DATA >>
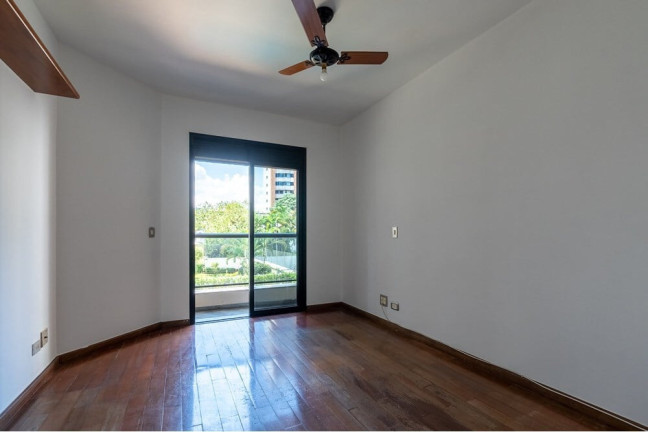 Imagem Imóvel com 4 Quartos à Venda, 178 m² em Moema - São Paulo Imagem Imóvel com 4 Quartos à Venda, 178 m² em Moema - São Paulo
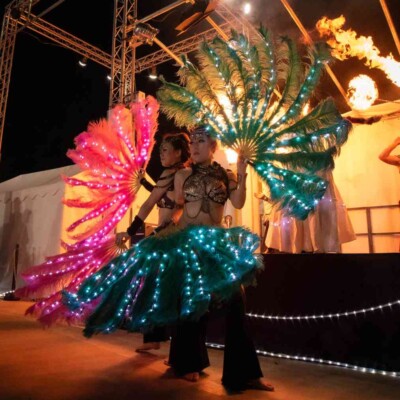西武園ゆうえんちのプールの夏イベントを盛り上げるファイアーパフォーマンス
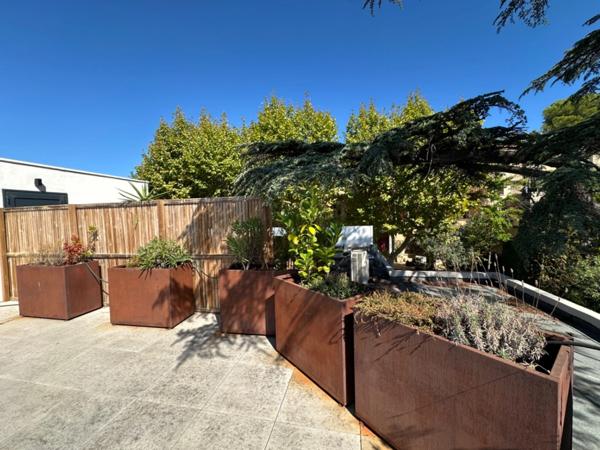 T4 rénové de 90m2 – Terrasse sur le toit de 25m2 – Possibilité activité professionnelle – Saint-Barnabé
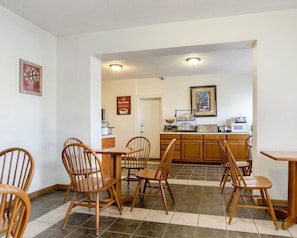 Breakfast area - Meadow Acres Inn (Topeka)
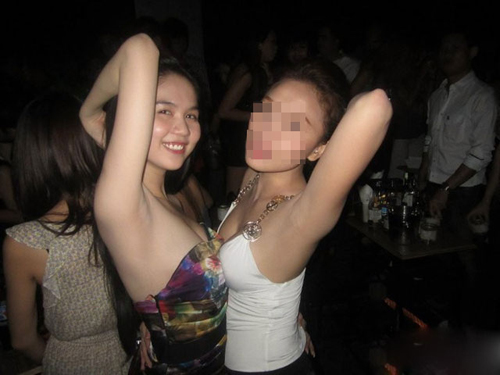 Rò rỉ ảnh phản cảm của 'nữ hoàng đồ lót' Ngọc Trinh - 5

* * *

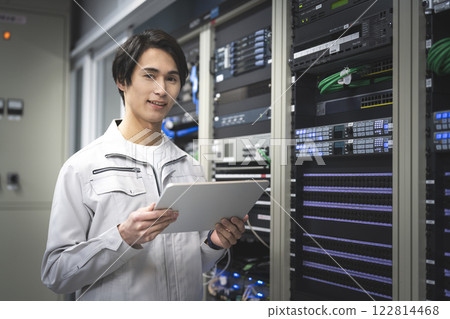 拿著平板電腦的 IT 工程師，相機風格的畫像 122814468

---

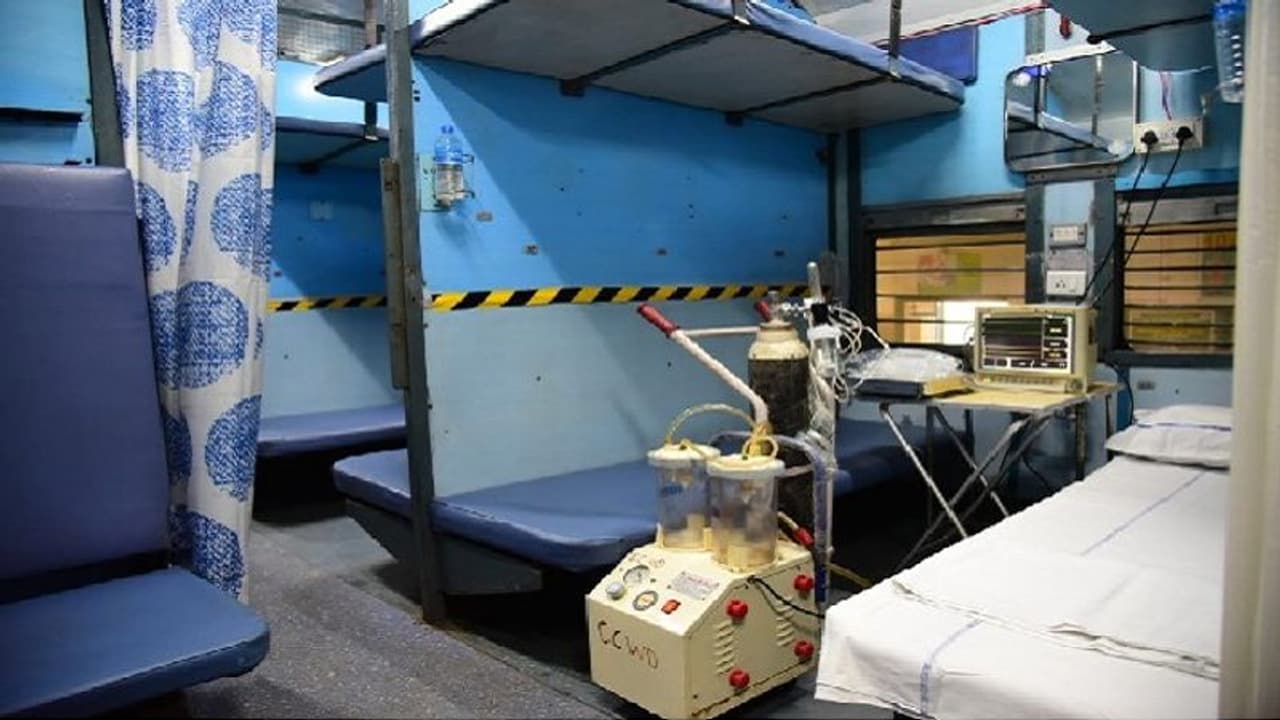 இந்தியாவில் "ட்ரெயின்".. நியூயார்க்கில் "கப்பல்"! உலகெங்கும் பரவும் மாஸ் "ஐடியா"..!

TASK INSTRUCTIONS >>
Look above for the line with "Breakfast area - Meadow Acres Inn (Topeka)", then print it and each line after it down to and including the line with "Rò rỉ ảnh phản". Leave out the pictures and keep the wording exact.

ANSWER SPACE >>
 Breakfast area - Meadow Acres Inn (Topeka)
 Rò rỉ ảnh phản cảm của 'nữ hoàng đồ lót' Ngọc Trinh - 5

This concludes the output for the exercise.